• [Work required]: Repeat all of the data below word for word, keeping no images.

• [Records excerpted from a collection]:
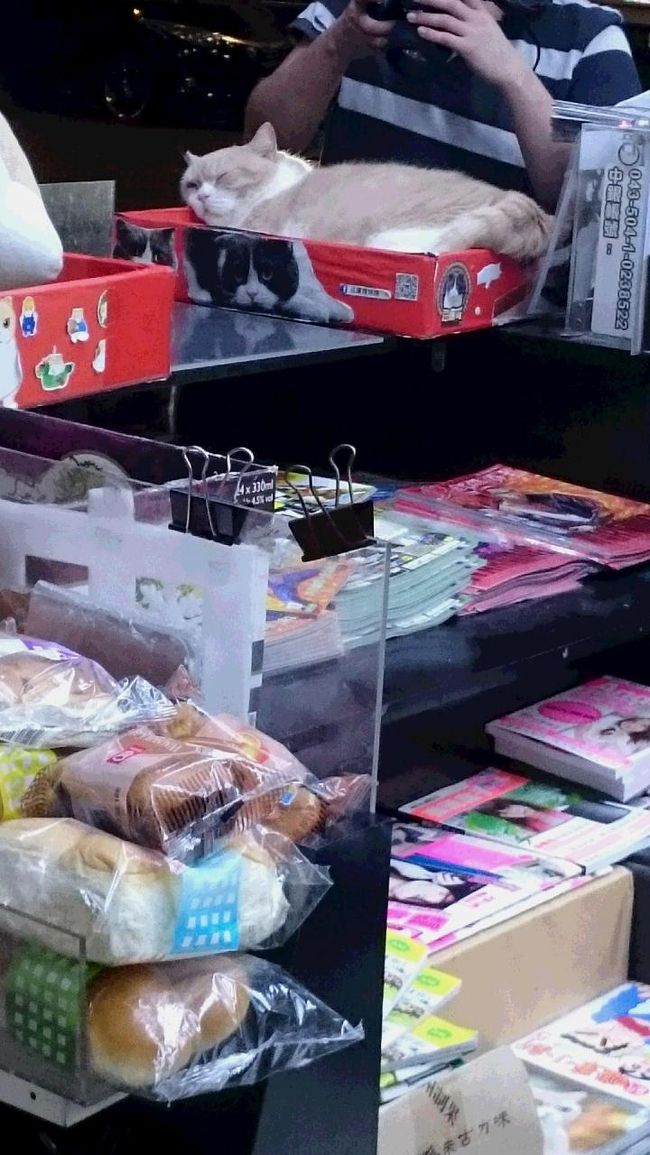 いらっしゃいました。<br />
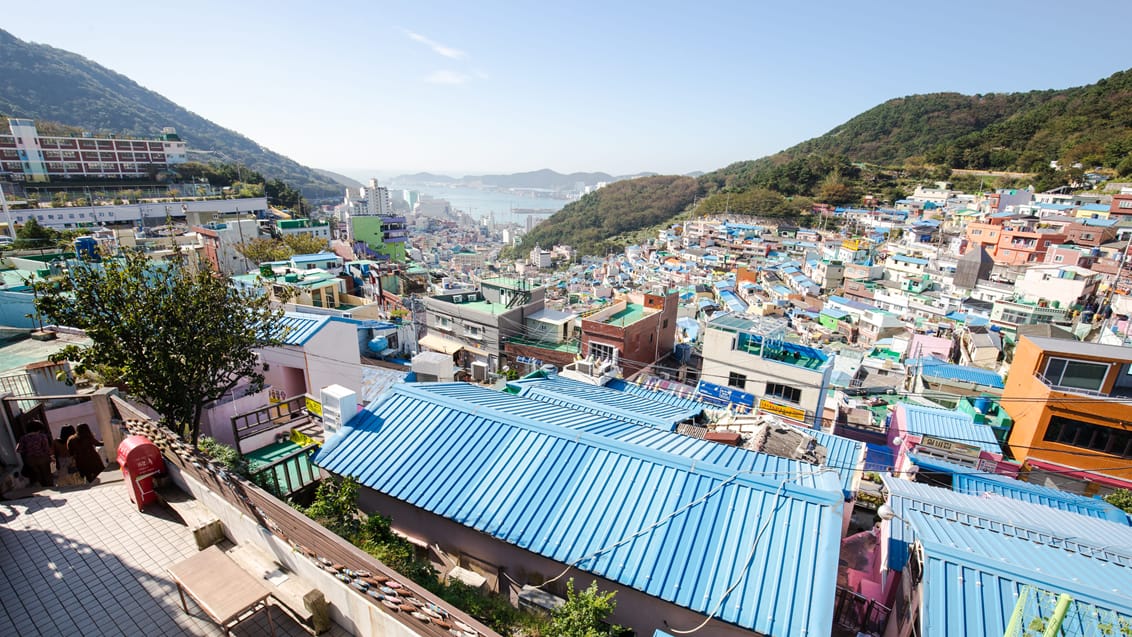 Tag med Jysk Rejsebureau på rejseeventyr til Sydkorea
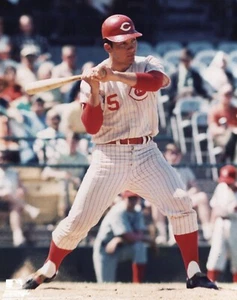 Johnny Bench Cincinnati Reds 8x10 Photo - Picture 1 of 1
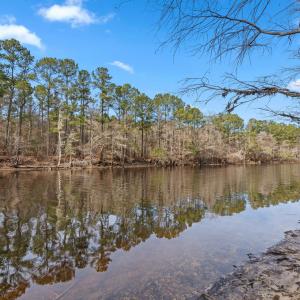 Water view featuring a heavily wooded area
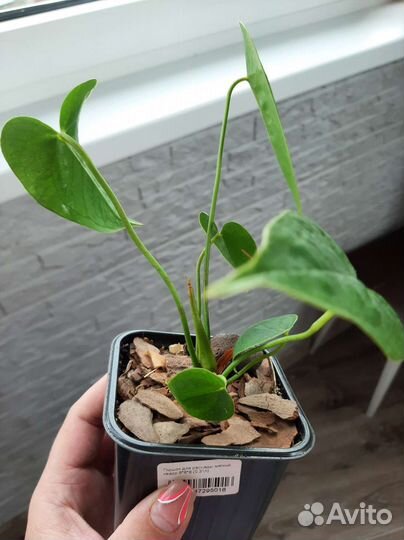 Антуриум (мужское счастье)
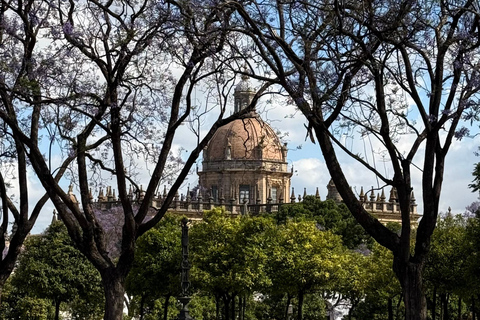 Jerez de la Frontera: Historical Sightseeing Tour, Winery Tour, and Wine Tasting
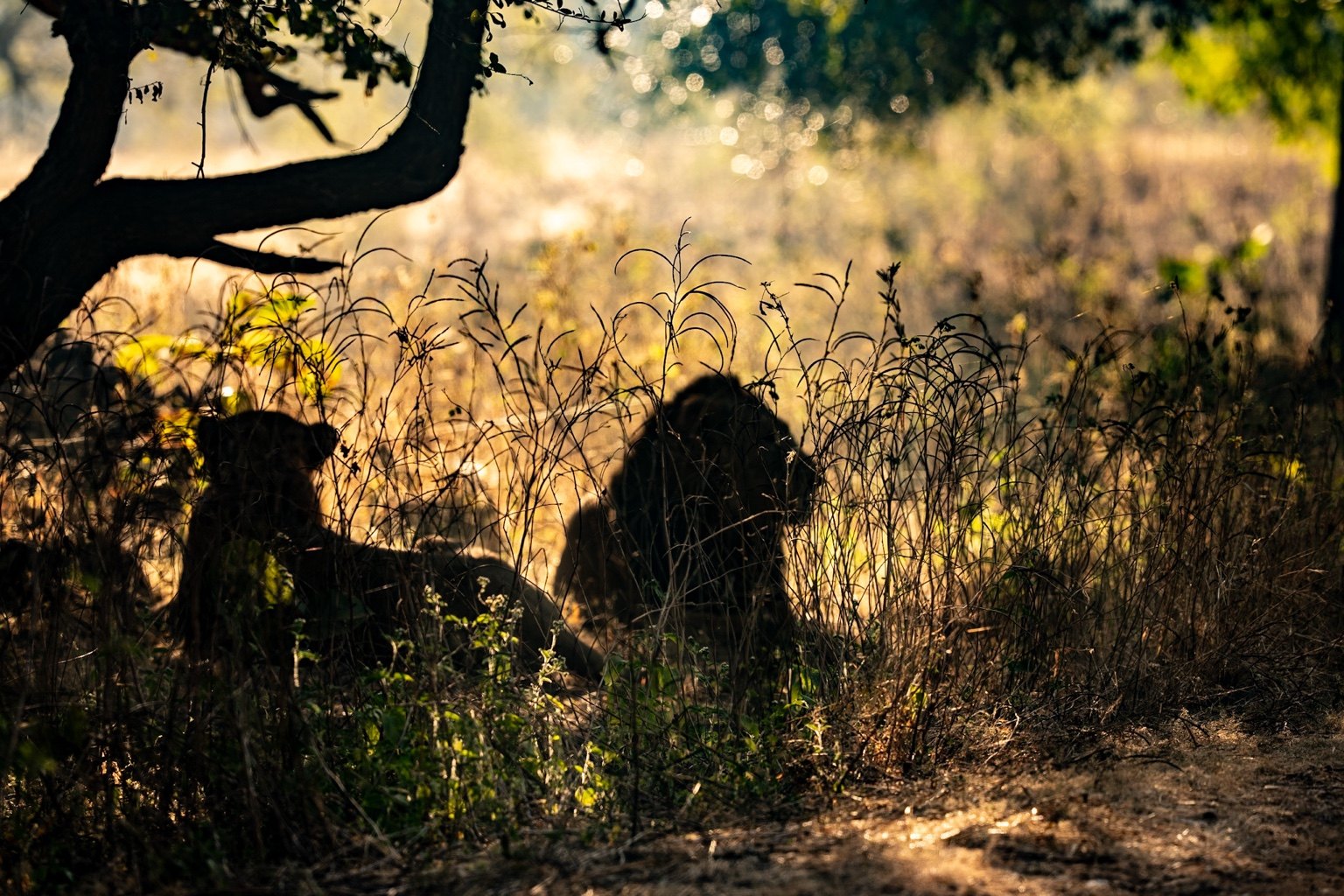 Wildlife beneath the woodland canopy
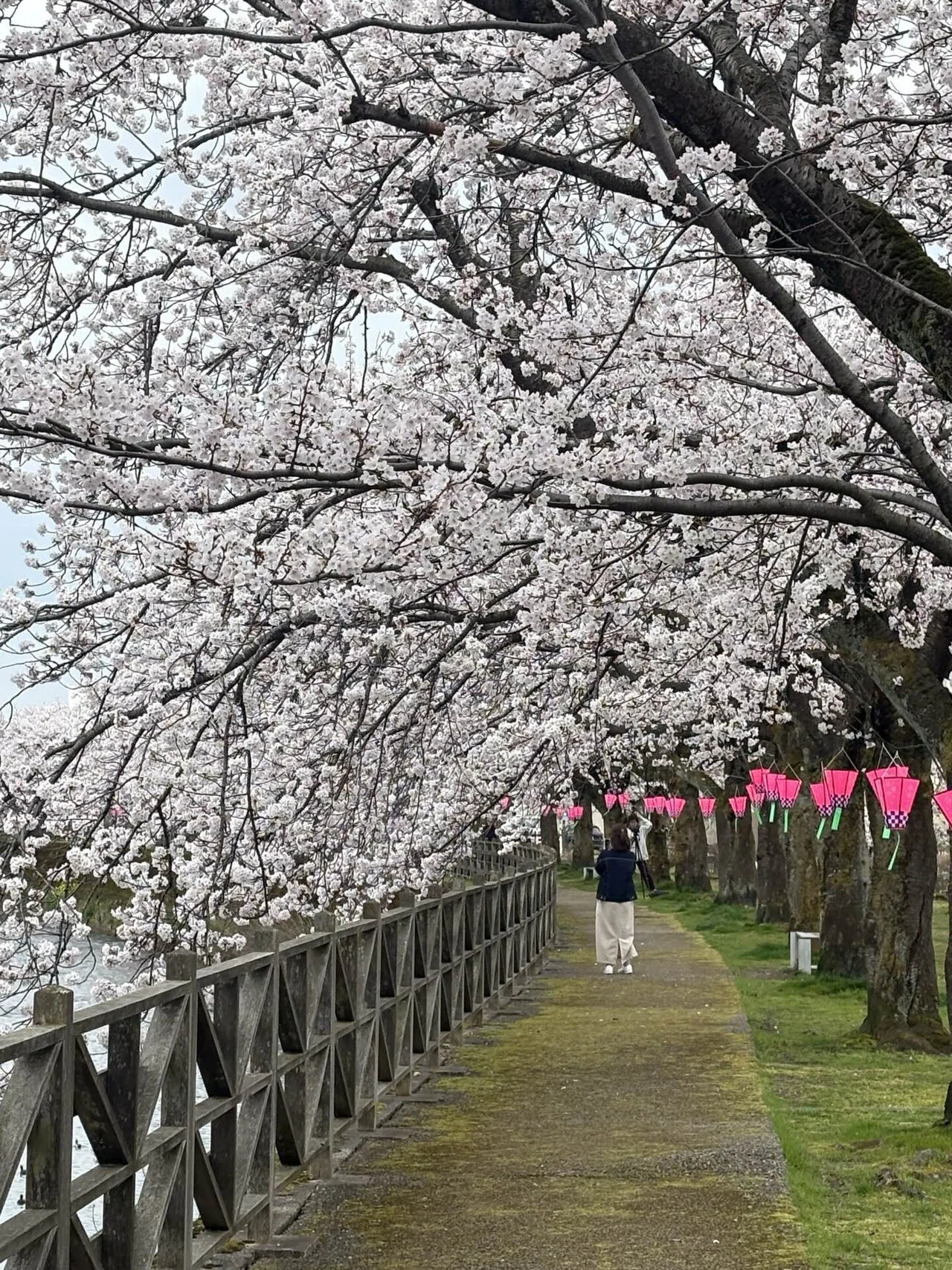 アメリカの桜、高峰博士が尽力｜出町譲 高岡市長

• [Result]:
 いらっしゃいました。<br />
 Tag med Jysk Rejsebureau på rejseeventyr til Sydkorea
 Johnny Bench Cincinnati Reds 8x10 Photo - Picture 1 of 1
 Water view featuring a heavily wooded area
 Антуриум (мужское счастье)
 Jerez de la Frontera: Historical Sightseeing Tour, Winery Tour, and Wine Tasting
 Wildlife beneath the woodland canopy
 アメリカの桜、高峰博士が尽力｜出町譲 高岡市長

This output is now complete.